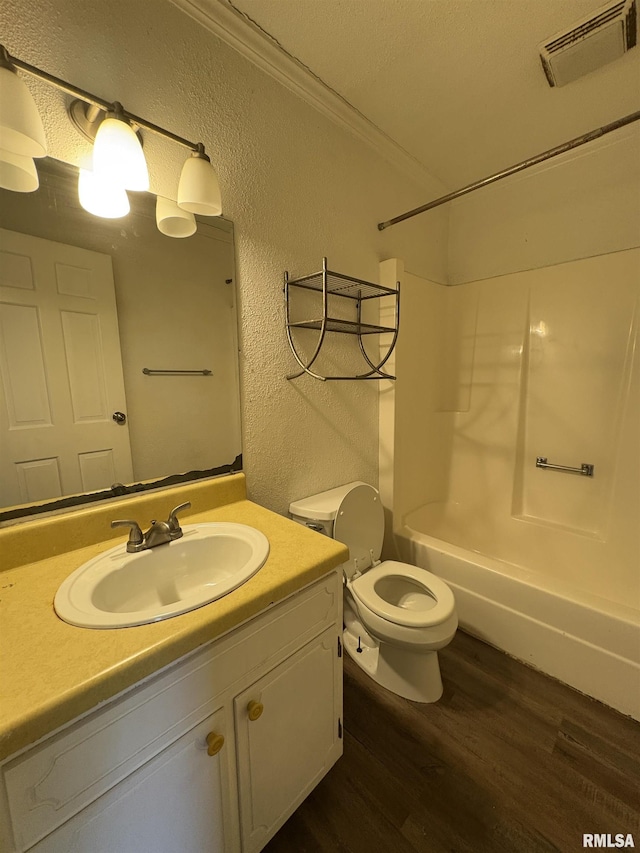 full bathroom featuring shower / bath combination, vanity, crown molding, wood-type flooring, and toilet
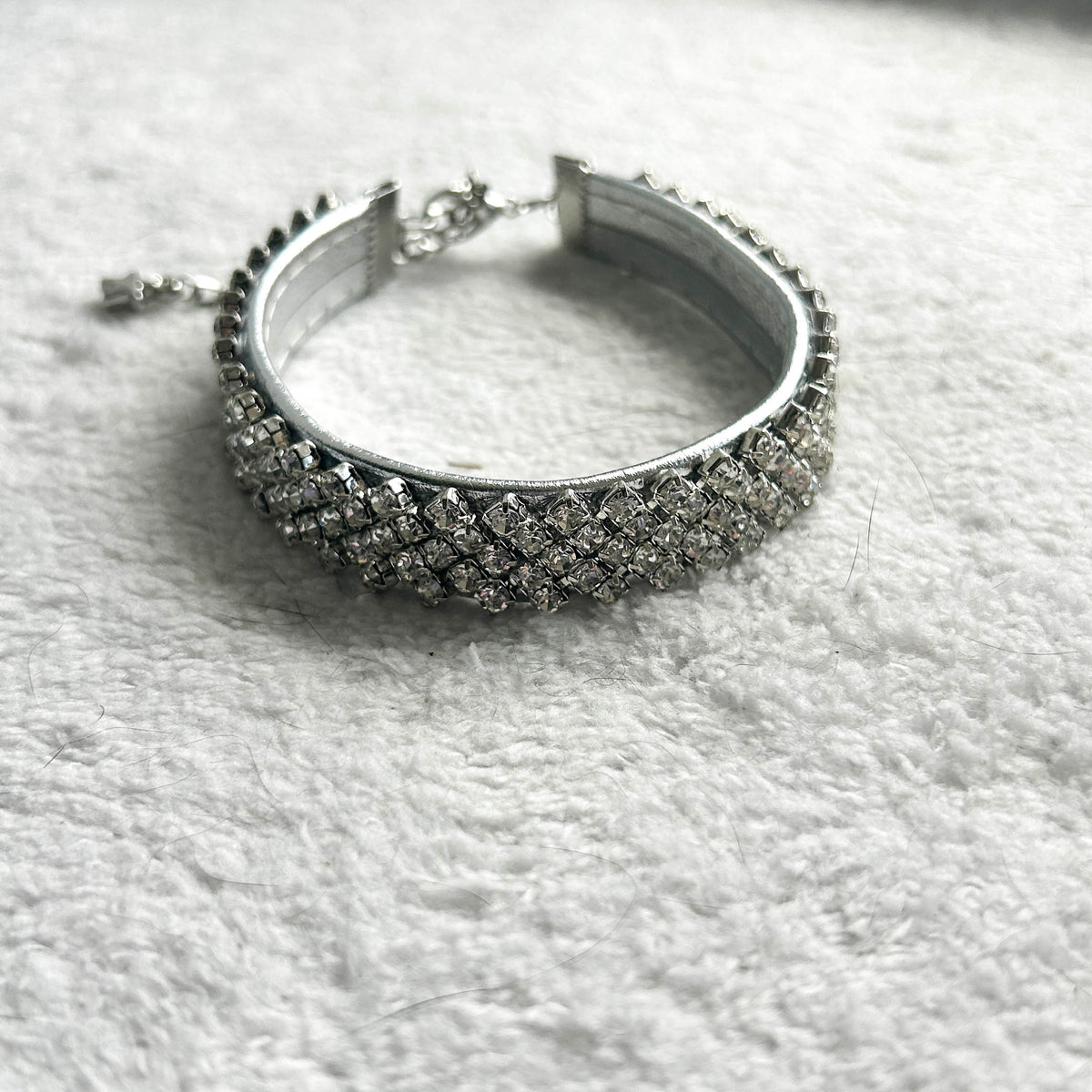 A silver-toned collar encrusted with clear pavé stones, resting on a textured white fabric background.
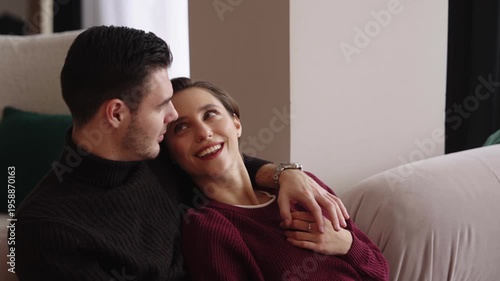 Cozy couple shares a tender moment on the couch in a warm setting
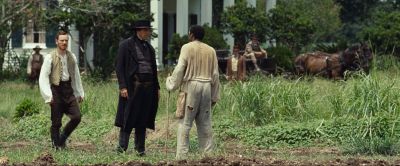 Still from 12 Years a Slave (2013) that has been tagged with: day & over-the-shoulder & horses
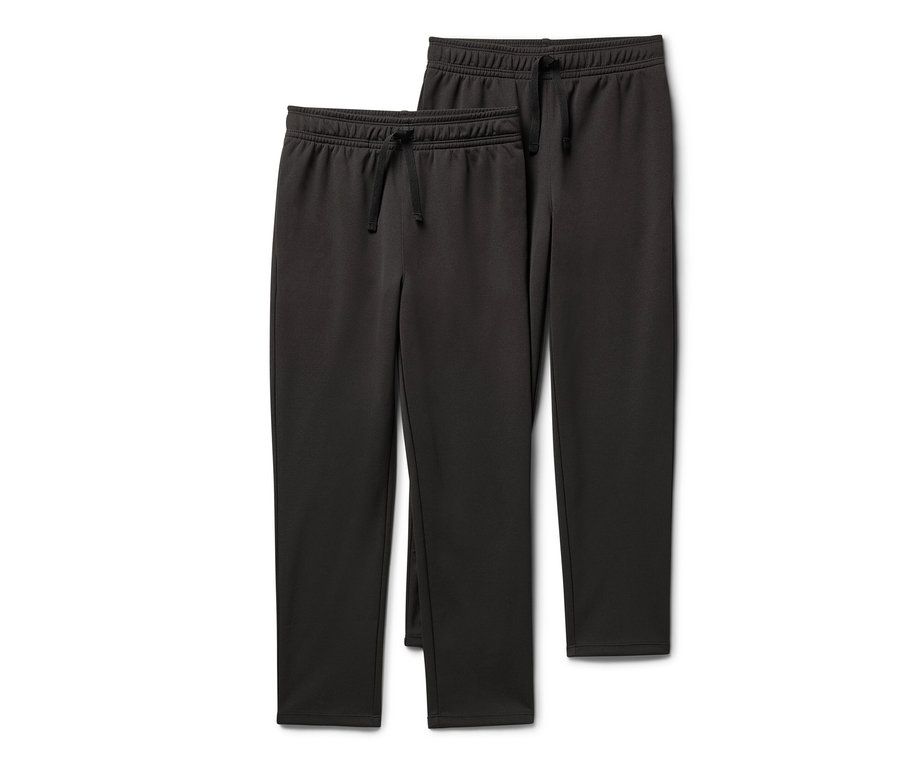 Dwie pary spodni sportowych dla dzieci leżą na sobie.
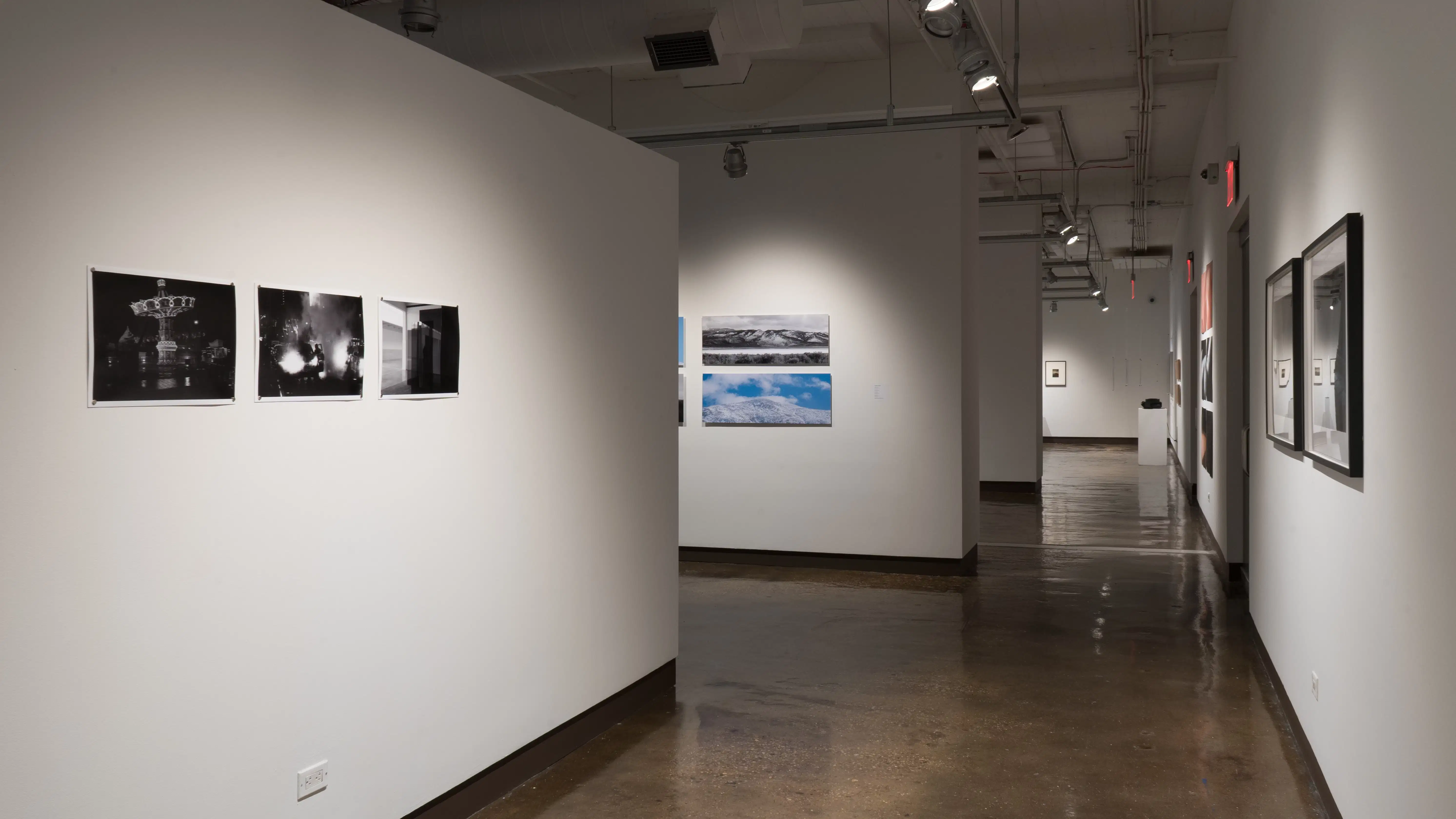Looking down the gallery hallway, three high contrast grayscale photos of the night are pinned to the wall on the left. Further down the right wall are various works of print photography.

----------

» **Task to carry out**
An exact copy of the records above is required, leaving out the pictures.

» **Response to this exercise**
 full bathroom featuring shower / bath combination, vanity, crown molding, wood-type flooring, and toilet
 A silver-toned collar encrusted with clear pavé stones, resting on a textured white fabric background.
 Cozy couple shares a tender moment on the couch in a warm setting
 Still from 12 Years a Slave (2013) that has been tagged with: day & over-the-shoulder & horses
 Dwie pary spodni sportowych dla dzieci leżą na sobie.
Looking down the gallery hallway, three high contrast grayscale photos of the night are pinned to the wall on the left. Further down the right wall are various works of print photography.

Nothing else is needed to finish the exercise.